PERSON SPECIFICATION
The post holder should embody and demonstrate our core Crick values: Bold, Imaginative, Open, Dynamic and Collegial, in addition to the following:
Essential
PhD in the areas of Developmental Biology, Stem Cells, Molecular Biology or similar (or in the final stages of PhD submission)
Good knowledge and experience in molecular biology and microscopy
Technical expertise in embryo and/or cell culture
Proven track record of research (i.e. publication record)

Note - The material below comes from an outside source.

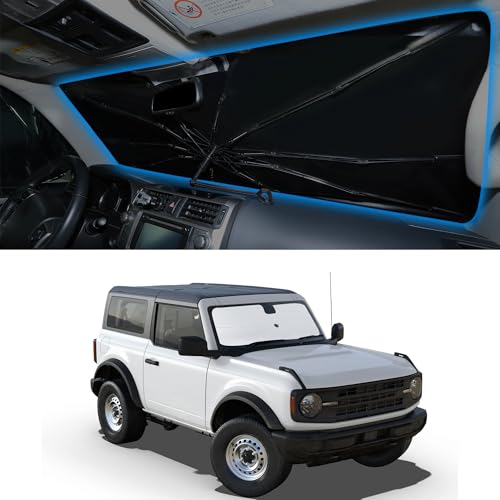 Image of Windshield Sun Shade Umbrella for 2021-2026 Fo-rd Bronco | Full covered for windshield, Block UV Rays, Heat Reduction, Easy to install, Durable & Fold Up Small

Excellent communication skills required – both oral and written presentation
Ability to communicate ideas and results effectively and interact fluidly with computational biologists
Ability to work independently and organise own workload
Ability to design experiments, report on research progress and outcomes openly and review methodologies in response to feedback
Highly motivated, organized and analytical
Ability to update knowledge in the specialist area and implement relevant technologies to advance the project
Desirable
Experience in preimplantation mouse or human embryo culture
Experience in human and mouse pluripotent stem cell culture
Experience in preparing samples for advanced sequencing
Experience in genome editing using CRISPR-Cas9 technology
Experience in lentivirus production and transduction
Postdoctoral Training Fellows are expected to lead their own projects, contribute to other projects on a collaborative basis (both in the lab and with external collaborators) and guide PhD students in their research. The ability to work in a team is essential.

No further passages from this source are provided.